TASK DIRECTIONS:
With the pictures left out, retype exactly the lines below starting at the line that contains "جلد کتاب چسبی" and ending at the line that contains "KakaoTalk_20260326_023333075_06".

DATA RECORDS:
━━━

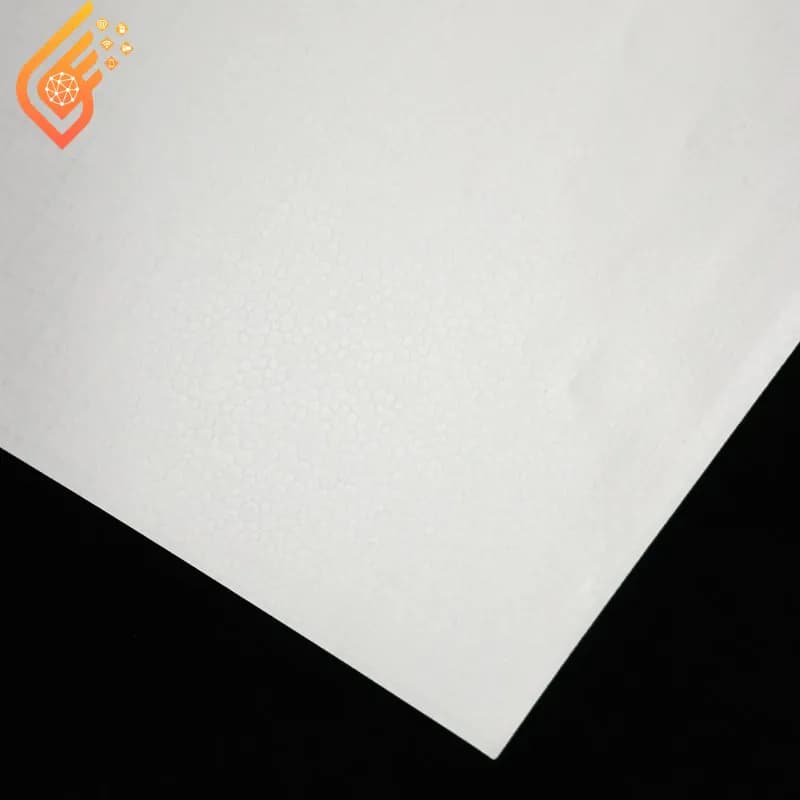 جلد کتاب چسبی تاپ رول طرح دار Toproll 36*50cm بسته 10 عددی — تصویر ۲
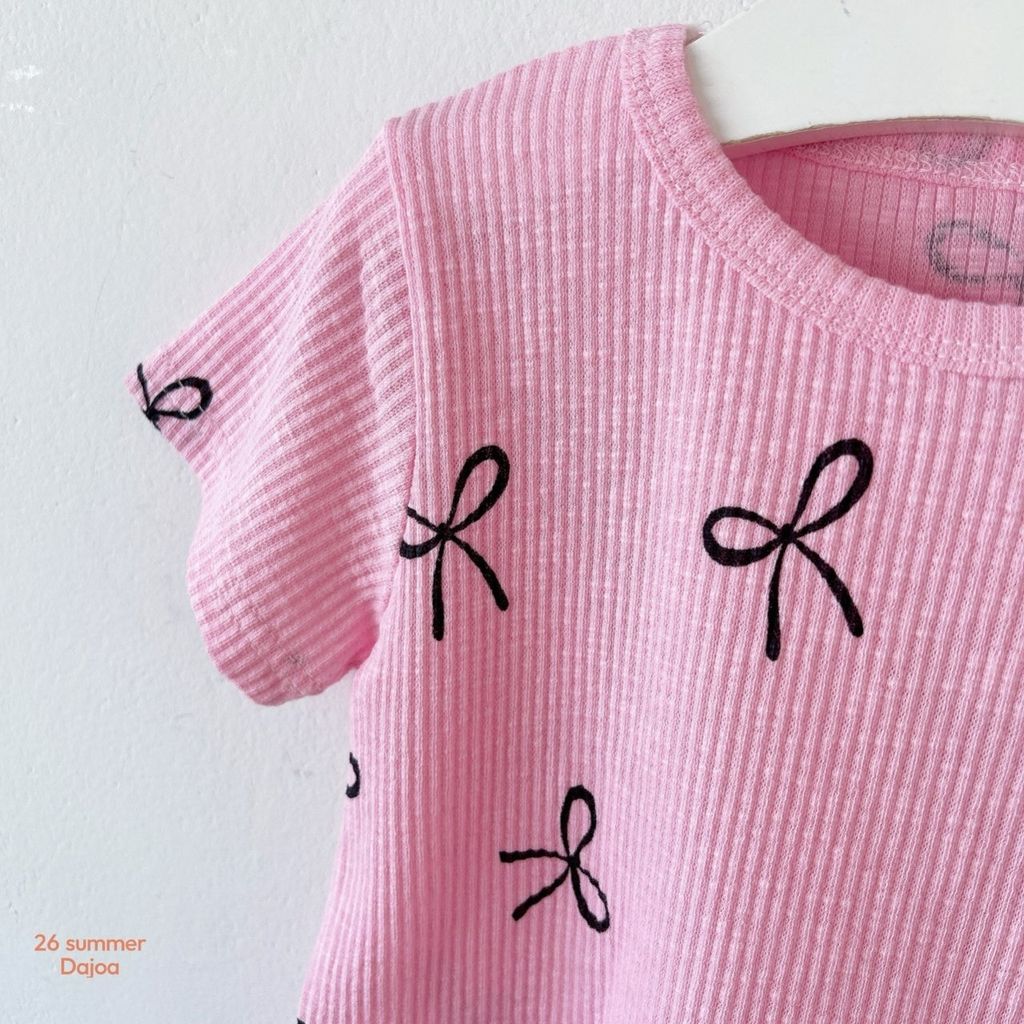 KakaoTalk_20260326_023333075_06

━━━

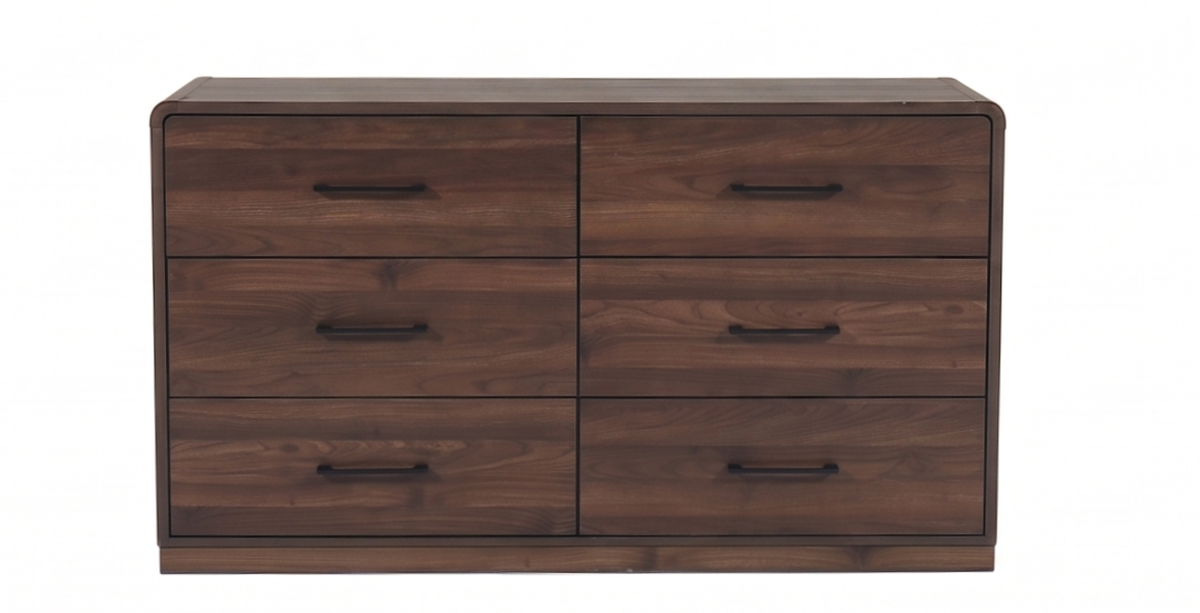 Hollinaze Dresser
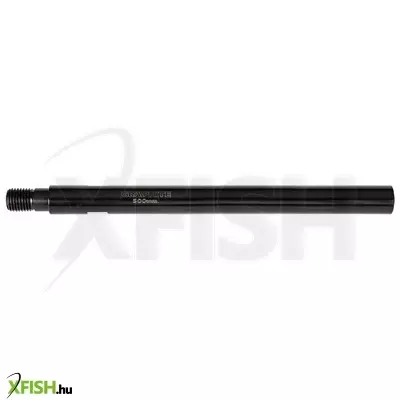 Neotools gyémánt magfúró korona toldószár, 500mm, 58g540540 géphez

━━━

YOUR RESPONSE:
 جلد کتاب چسبی تاپ رول طرح دار Toproll 36*50cm بسته 10 عددی — تصویر ۲
 KakaoTalk_20260326_023333075_06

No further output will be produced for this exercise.